The Directory reports that I have 45.3GB of space to work with.
I am trying to create an audio book of my own mss., “Majoorie’s Blues,” by making tracks of its various sections, and I gave myself permission to do so. :slight_smile:
After your comment, I am going to save each section before recording it (although I haven’t had to previously) and see if that technique solves my problem. Just the same, I would appreciate any comments you could make that might help me.

Thanks, Gale

When you say “save”, do you mean that you save a project (AUP) or that you export an audio file (such as WAV or MP3)?

You do not have to save a project before recording. Projects take a lot of disk space, so it may be better to export sections as MP3 (small files, lossy) if you are sure you will not make more changes, or as WAV (larger files, lossless) if you might make more changes.

If you do save a project first, you will very likely look where you save it and save it somewhere in your own user space, in which space you “should” always have permission to write to the disk. You do have problems (for whatever reason) reading some files in your own user space - see below.

If you do not save a project first then by default you will be recording into protected system folders where your permissions to write are more fragile and could theoretically get “messed up”. If that happens, you can use “Go > Utilities > Disk Utility” in Finder. In Disk Utility, select your system drive and Verify Disk. When that’s done, Repair Permissions.

See above for the file system permissions I am talking about.

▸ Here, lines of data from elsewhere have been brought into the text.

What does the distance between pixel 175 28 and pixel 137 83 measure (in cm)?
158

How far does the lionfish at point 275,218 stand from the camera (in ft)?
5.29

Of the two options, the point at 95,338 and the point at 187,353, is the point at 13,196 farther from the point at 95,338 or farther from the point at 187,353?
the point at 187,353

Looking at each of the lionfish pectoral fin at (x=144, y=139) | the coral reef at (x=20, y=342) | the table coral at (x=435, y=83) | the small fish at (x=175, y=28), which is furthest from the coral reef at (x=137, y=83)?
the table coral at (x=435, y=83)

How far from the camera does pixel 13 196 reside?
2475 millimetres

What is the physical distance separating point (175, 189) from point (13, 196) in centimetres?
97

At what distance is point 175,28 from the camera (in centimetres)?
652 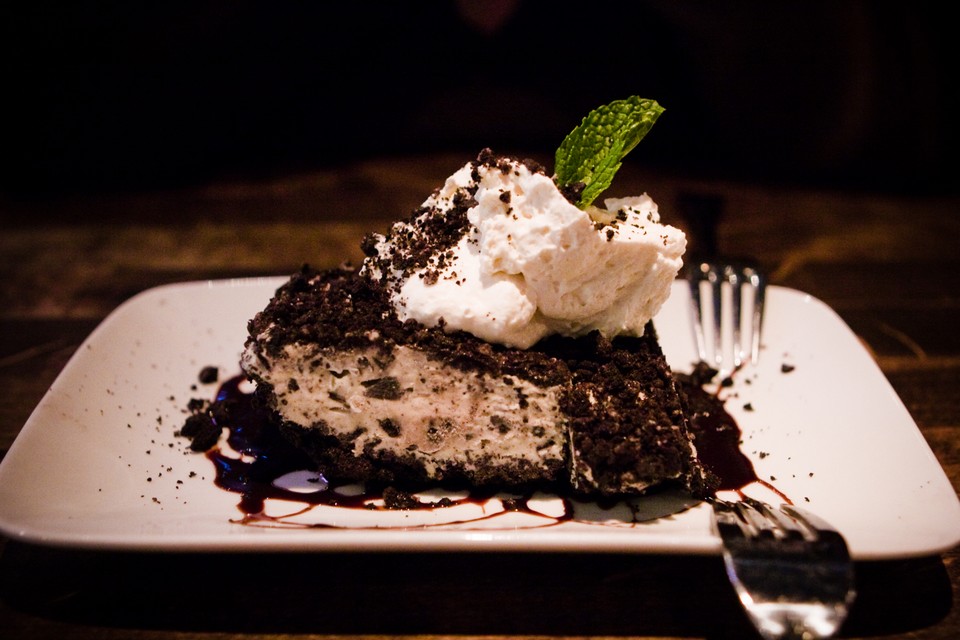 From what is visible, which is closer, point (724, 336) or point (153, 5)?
point (724, 336)

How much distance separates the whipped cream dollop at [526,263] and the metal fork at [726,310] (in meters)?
0.65

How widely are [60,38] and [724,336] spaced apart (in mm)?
4641

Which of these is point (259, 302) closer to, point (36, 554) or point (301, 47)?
point (36, 554)

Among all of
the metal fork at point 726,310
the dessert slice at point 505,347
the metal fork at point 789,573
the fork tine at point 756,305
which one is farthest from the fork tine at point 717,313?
the metal fork at point 789,573

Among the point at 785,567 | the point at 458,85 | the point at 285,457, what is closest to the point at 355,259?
the point at 285,457

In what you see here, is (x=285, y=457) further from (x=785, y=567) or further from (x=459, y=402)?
(x=785, y=567)

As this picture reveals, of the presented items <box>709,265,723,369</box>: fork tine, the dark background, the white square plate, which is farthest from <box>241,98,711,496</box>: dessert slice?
the dark background

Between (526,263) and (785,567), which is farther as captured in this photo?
(526,263)

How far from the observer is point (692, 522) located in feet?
6.16

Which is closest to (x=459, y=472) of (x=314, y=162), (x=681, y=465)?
(x=681, y=465)

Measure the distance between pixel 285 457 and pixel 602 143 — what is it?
1.31 m

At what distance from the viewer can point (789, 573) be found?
1516 mm

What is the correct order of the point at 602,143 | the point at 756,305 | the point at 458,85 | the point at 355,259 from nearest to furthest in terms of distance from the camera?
the point at 602,143
the point at 756,305
the point at 355,259
the point at 458,85

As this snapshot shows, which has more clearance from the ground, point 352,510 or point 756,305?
point 756,305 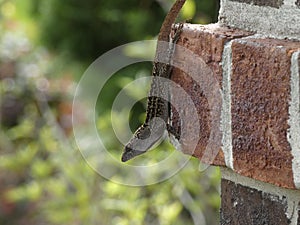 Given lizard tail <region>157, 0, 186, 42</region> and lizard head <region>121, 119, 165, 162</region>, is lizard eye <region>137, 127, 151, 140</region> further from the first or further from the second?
lizard tail <region>157, 0, 186, 42</region>

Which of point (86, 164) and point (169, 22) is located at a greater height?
point (169, 22)

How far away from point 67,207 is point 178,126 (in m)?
2.89

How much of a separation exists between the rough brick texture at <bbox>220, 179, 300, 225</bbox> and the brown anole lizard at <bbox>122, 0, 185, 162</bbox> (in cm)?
11

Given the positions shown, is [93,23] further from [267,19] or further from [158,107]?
[267,19]

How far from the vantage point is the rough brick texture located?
0.84 m

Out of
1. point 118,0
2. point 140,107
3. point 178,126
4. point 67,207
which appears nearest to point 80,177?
point 67,207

How long are the books? That is not much space for what you are doing.

Make sure you use COMMAND + W after you export the finished section as an audio file. That will clear out the temporary space.

That will help if you have problems writing to the Audacity temp folder. Where is that folder? Does it say something starting with /var/folders/?

What were you doing at 11:38 o’clock which time your log refers to? The log shows that Audacity could not read various “AUTOSAVE” files in “/Users/amyelder/Library/Application Support/audacity/AutoSave/” such as “12. Annie - 2015-09-07 17-28-01 N-2.autosave” and “16. To Herself - 2015-09-22 16-58-14 N-51.autosave”.

Had Audacity crashed at some time? Are “12. Annie” and “16. To Herself” AUP project files, WAV files or some other kind of audio file?

The “/Users/amyelder/Library/Application Support/audacity/AutoSave/” location is not your Audacity temp folder (where the temporary audio data for never saved projects is) but the location Audacity writes its AUTOSAVE “unsaved changes” project files to. Those files tells Audacity how to string pieces of audio data together.

Audacity writes those AUTOSAVE “unsaved changes” files while you are recording or making edits, even if you have already saved a project. When you save/resave the project, the AUTOSAVE files should get deleted. If Audacity cannot read or write to the AutoSave folder this will create issues. Running Repair Permissions as above “might” fix the problem noted in the log if it is a file system or permissions error (I think it is quite likely to do so on Snow Leopard).